Don’t expect whatever you write first to open your story. Initial scribbles often start the writing process but not the actual prose.
I’m a professional secret keeper. People tell me things. Intimate details about addiction, sex, and all sorts of shame, blame and regret. Maybe it’s because I try to practice compassionate listening. Maybe it’s an ancestral spell I inherited from my Italian matriarchal eye-givers. Maybe it’s because I have secrets of my own, and they can smell the loss-pheromones ooze from my pores. Regardless of the source, I tell these gut-spillers to write about their eversions, and they often tell me they don’t know where to start. Then I let them in on my biggest writer’s secret: Never start at the beginning.

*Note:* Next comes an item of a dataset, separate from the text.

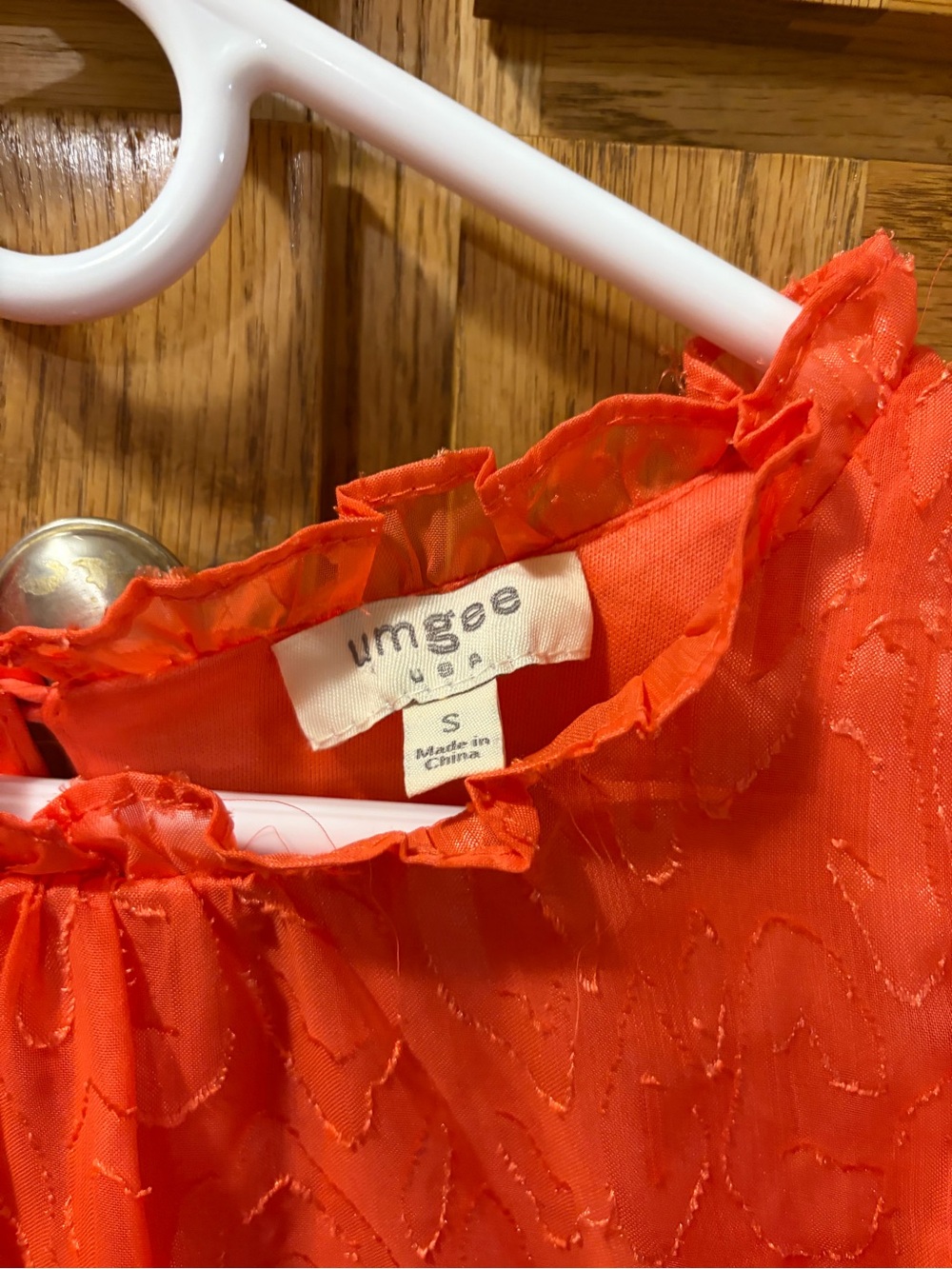 Umgee Bright Orange Ruffle Sleeve Camisole - Picture 2 of 4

Writing isn’t linear. Story unravels in segments to be rearranged over and over until the puzzle fits and the plot unveils seamlessly. Such ingenuity appears effortless and yet it’s totally constructed with great care, often under the influence of enough caffeine to chew through your own jaw and so little sleep your eyes bleed. That was an exaggeration, but here’s the truth: Whatever I write first — whether it’s for an article, blog post, essay, fiction or script — never opens the story and could end up anywhere, including the trash.
Write your heart out when you start. Trace it like a hand-turkey on the page. Give life to the valves and veins of longing, fear and embarrassment. Spew your soul, stripped and flawful, along the blood lines. Write like no one will see you naked. This is a version of free-writing, and I fully recommend it. Not all of it sticks, but it will get you to where you need to go: beyond all the cobwebs of self-doubt and to the flagstone pathway leading to your story’s core.
Now cut it up and put it back together again and again. Write between the patches. Stitch in the setting, mood and characterization. Toss whatever doesn’t serve your overall message.
Now you’re ready to craft the opening. Let it synthesize the voice, mood and genre. Maybe it hints at the problem that gets wilder as the clock ticks. Whatever you do, it needs to match your story.
And that’s why I never write my first lines first: I can’t until I have a story to reflect.